Second, and also, significant, the policy does not permit the courts to determine the amount of the loss. Rather, the amount of the loss is a factual determination to be determined by the appraisal award process defined and set forth in the policy; the said process the parties have not complied with or completed.
This Court is mindful of Louisiana's policy of strict construction of appraisal clauses. Bearing this in mind, the Court is given pause by the argument of Republic, which argues that the Appraisal Award is valid and enforceable when, in fact, Republic has not complied with the express terms of its own policy's appraisal clause. This Court has grave concern as to whether Republic can fail to comply with its own procedure, set forth in its own policy, and then claim protection under the law for that failure to comply with its own policy process. However, this is not a question before the Court at this time, but, is likely, rather more appropriately discussed when the Court considers the bad faith claim asserted by the plaintiff.
Thus, for the foregoing reasons, this Court concludes the instant motion for summary judgment is DENIED as this Court concludes the defendant is not entitled to the relief requested, for the reasons stated herein, and therefore, the Motion for Summary Judgment is DENIED.

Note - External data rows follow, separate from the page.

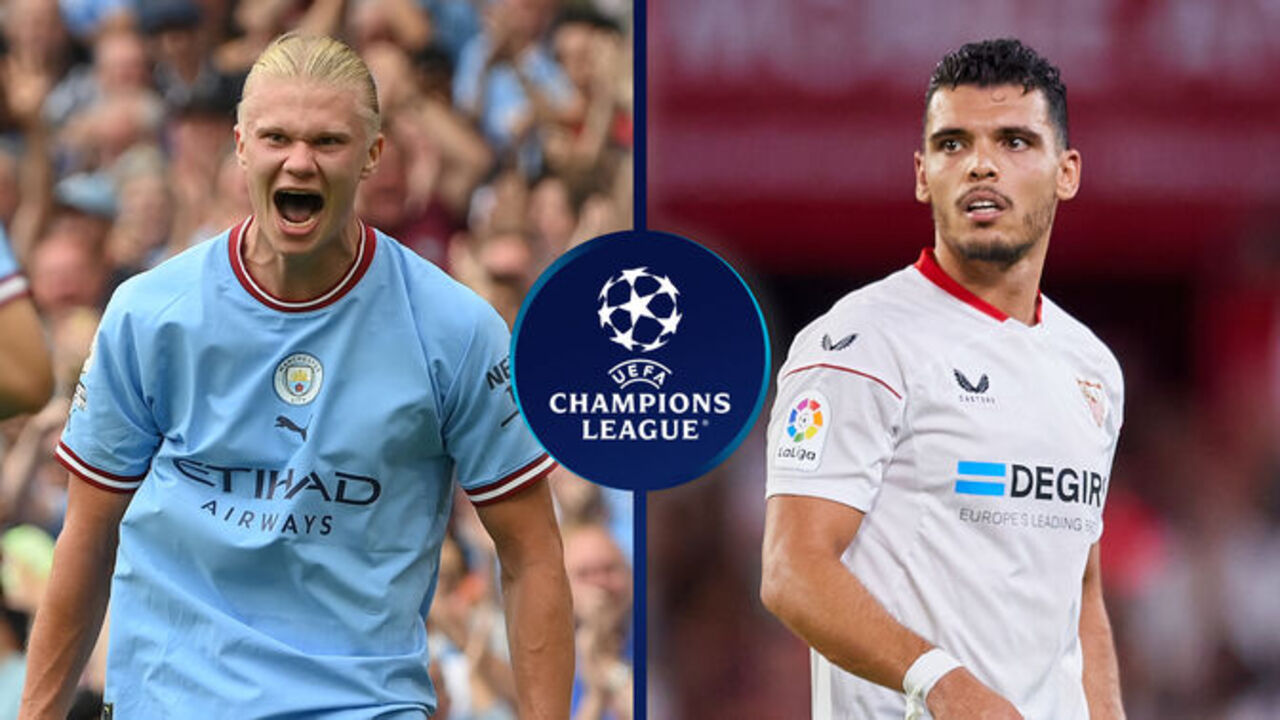 Man City vs Sevilla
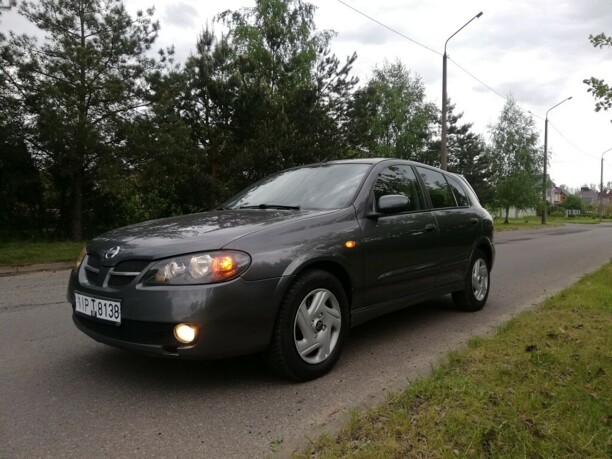 Nissan Almera II (N16) · Рестайлинг, 2004 г.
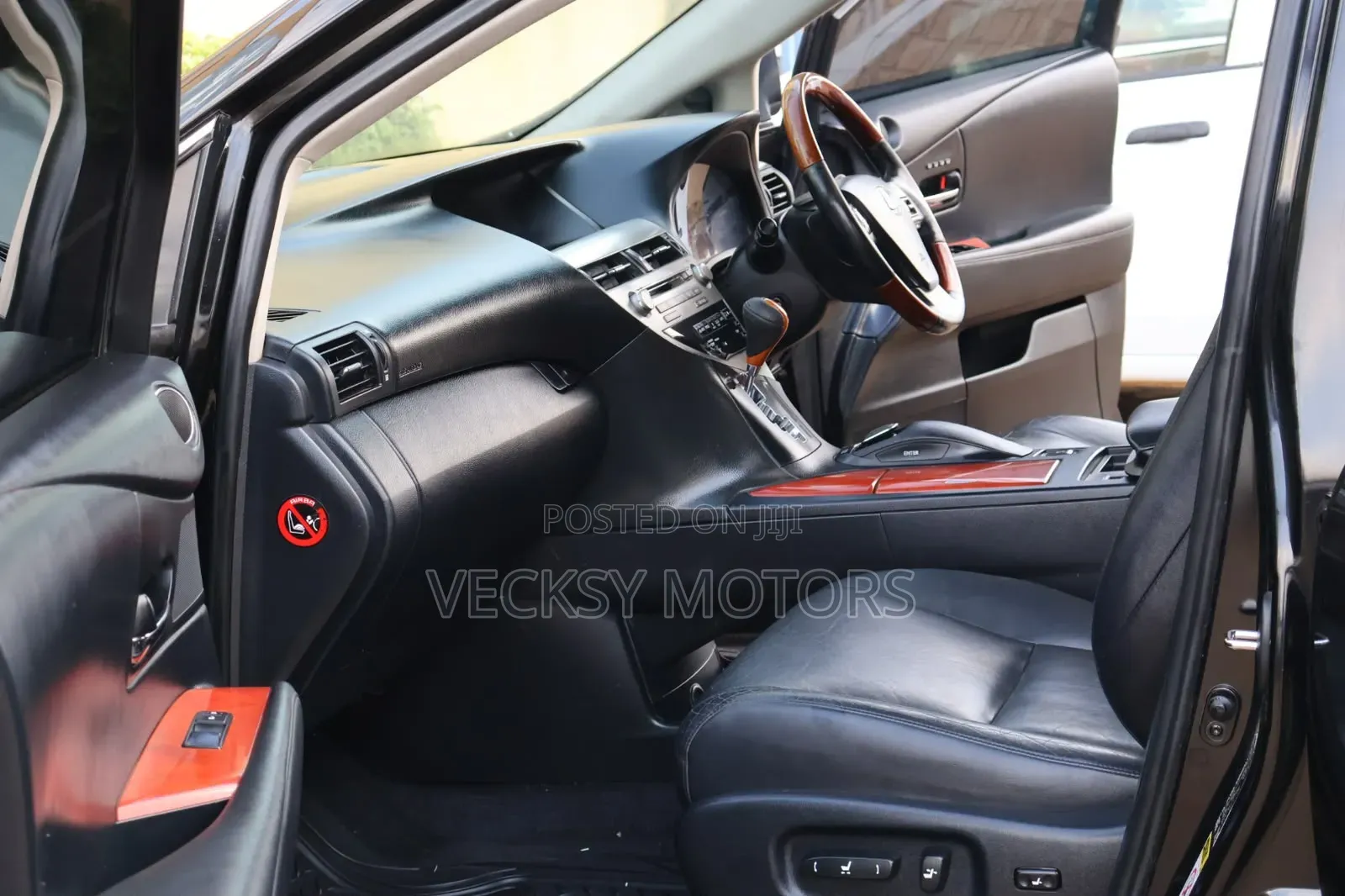 Toyota Harrier 2007 Black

IV. Motion to Strike [Doc. 42]
In its Motion to Strike, Republic asks this Court to strike certain evidence submitted by the plaintiff in connection with its opposition to the pending motion for summary judgment on grounds the evidence is inadmissible, including exhibits Republic claims are not properly authenticated and the purported affidavit of the plaintiff's contractor on grounds the affidavit was not signed before a notary. Considering this Court's ruling denying the motion for summary judgment, the Motion to Strike is DENIED AS MOOT.
V. Conclusion
For the foregoing reasons,
IT IS ORDERED that the Motion for Summary Judgment [Doc. 36] filed by Republic is DENIED for the reasons stated herein.

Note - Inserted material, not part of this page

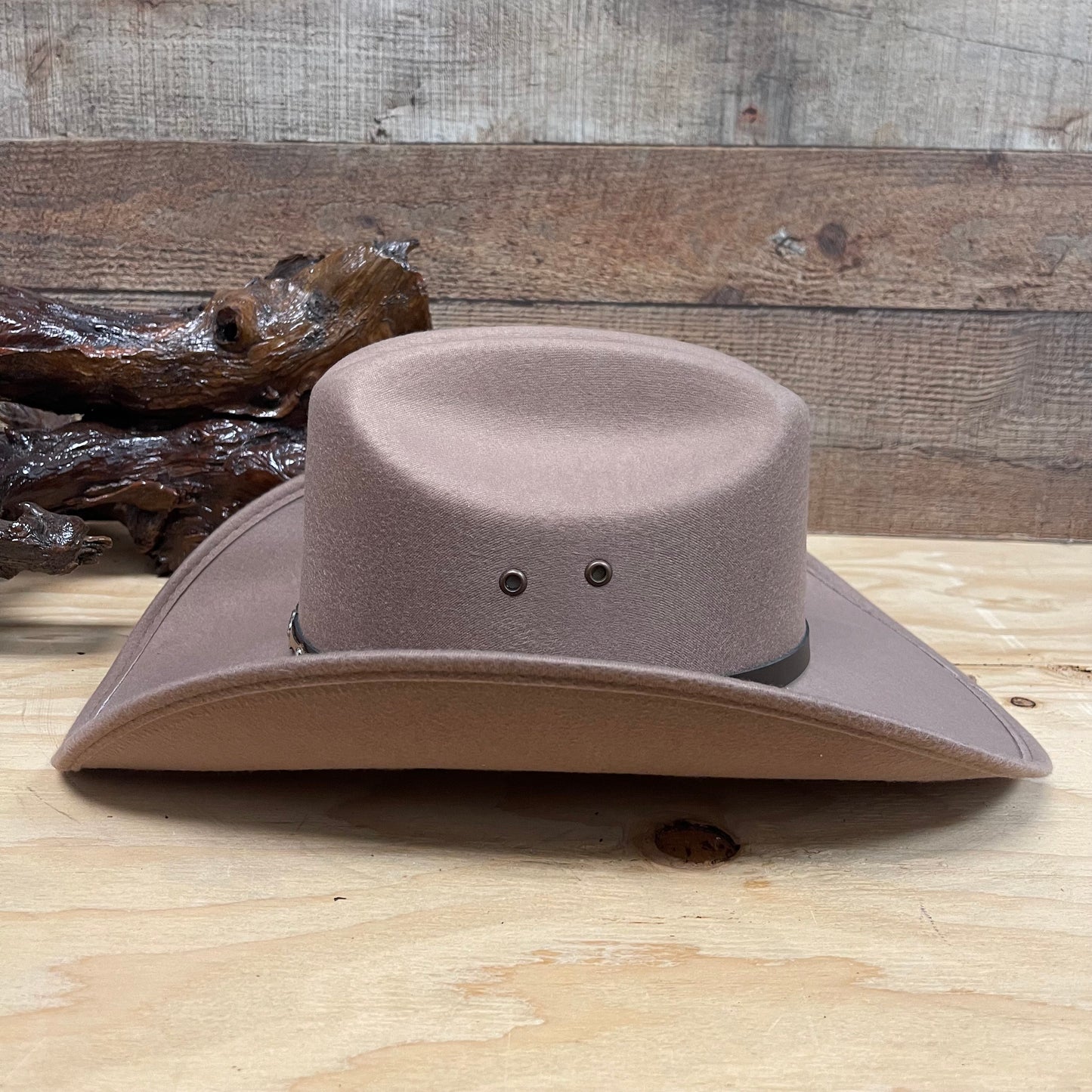Unisex Faux Felt Western Taco Style Hat Texana Económica Sinaloa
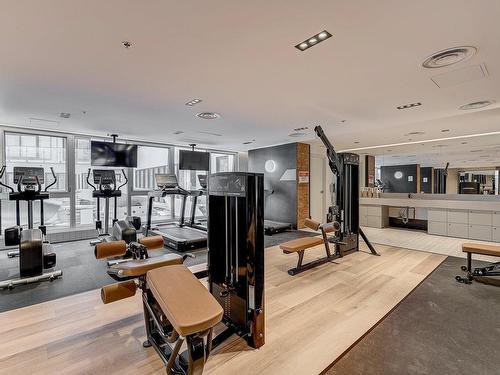 Salle d'exercice - 2152-101 Rue Peel, Montréal (Le Sud-Ouest), QC - Indoor Photo Showing Gym Room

IT IS FURTHER ORDERED that the Motion to Strike [Doc. 42] is DENIED AS MOOT.
IT IS FURTHER ORDERED that ten days after the date of this Ruling, the parties shall jointly contact the Court for the purpose of scheduling a telephone status conference to discuss this matter, particularly in light of the recently-denied motion to continue deadlines [Doc. 49]. The parties shall be prepared to discuss this Court's grave concerns as to the position taken by Republic in this matter, i.e., that the Appraisal Award is invalid despite Republic's failure to comply with a key requirement of the appraisal provision, that is, the selection of an umpire. This Court will discuss the foregoing in the context of what additional discovery needs to be completed in this case, and in connection with the plaintiff's bad faith claims.
Lafayette, Louisiana, this 8 day of January, 2016.